Other Parts Discussed in Thread: MSP430F2272

Hello:

I am trying to transmit and receive at different baud rates to different devices using the same UART for msp430f2272.

I have a transmitter circuit transmitting at a baud rate of 9600 from MSP1 to MSP2, when MSP2 receive data from MSP1 I want to transmit to another device at a different baud rate. 

In the code for MSP2 (receiver circuit) , I am waiting inside the main method for the Rx Interrupt to fire. Once I go to the Rx Interrupt subroutine which means I received data correctly from MSP1, then I want to transmit to the other device with different baud rate. So in order to do this I configure the UART again with different baud rate and transmit, but I want to make sure that if my Rx Interrupt gets fired again I should recognize it and transmit accordingly. 

My idea is to have this while loop inside the main method for MSP2

  while (!(IFG1 & UCA0RXIFG)) // waiting to receive a new character at a baud rate of 9600 from MSP1
  {                                                    //meanwhile Transmit at 4800 baud rate to another device
uart_device_confi // configure at baud rate of 4800
tx_a(); //transmit at 4800 baud rate
uart_config(); // check with baud rate 9600 if RX is ready?
 }	

Is this the correct approach to transmit and receive at different baud rates using the same UART peripheral? 	

Thank you 
Berny
  • Berny Pazos said:
    ... In the code for MSP2 (receiver circuit) , I am waiting inside the main method for the Rx Interrupt to fire. Once I go to the Rx Interrupt subroutine which means I received data correctly from MSP1, then I want to transmit to the other device with different baud rate. So in order to do this I configure the UART again with different baud rate and transmit, but I want to make sure that if my Rx Interrupt gets fired again I should recognize it and transmit accordingly. ...

    After the UART finishes transmitting at the new baudrate, you need to re-configure it to receive at the old baudrate again.

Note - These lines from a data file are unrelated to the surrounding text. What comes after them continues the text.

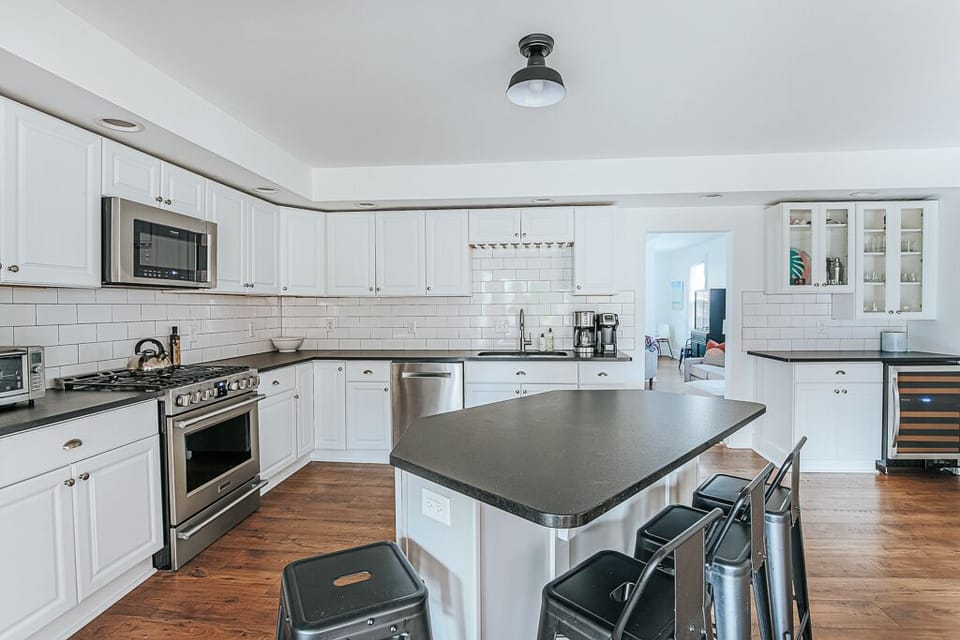 Fully stocked kitchen with bar seating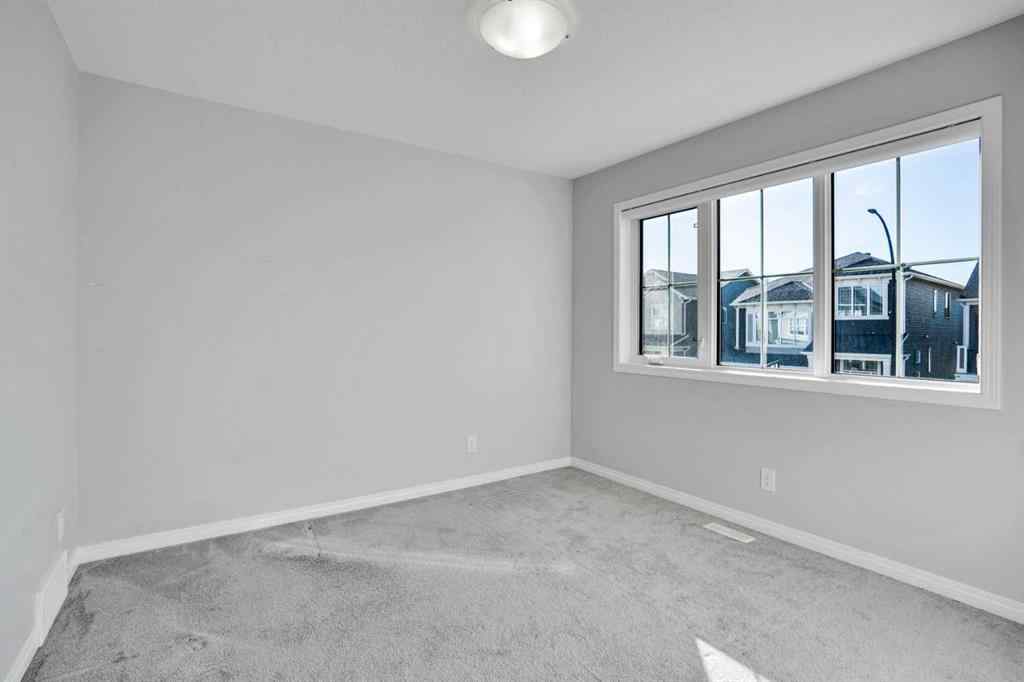 MLS® A2259894 - 64 Carrington Crescent NW in Carrington Calgary, Residential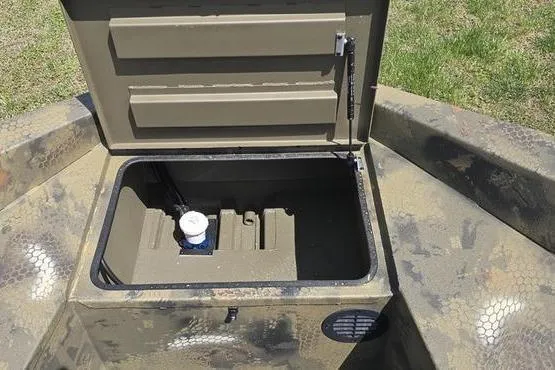 Slide: The Image of Open storage compartment of 2026 Havoc 1553 VJST boat on grassy background. - 3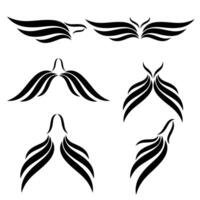 Set of black silhouettes of wings on a white background. vector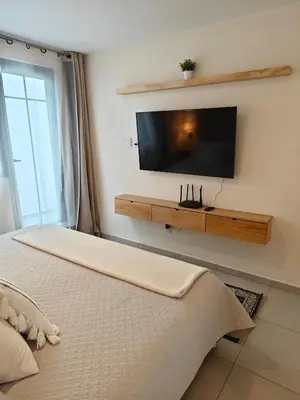 Una televisión o centro de entretenimiento en Comfy Habitación en Puebla!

But transmitting takes time; during that time, the UART cannot receive at the old baudrate.

  • Using the same USCI hardware module, you can only have one baudrate at the same time.
    So if you switch to baudrate #2 for sending, after you received on baudrate #1, then you're deaf during sending until you switch the baudrate back.

    You'll need an MSP with two USCI modules (some MSPs have up to 4) or use a software (timer-controlled) UART for one of the connections (preferrably the slower one)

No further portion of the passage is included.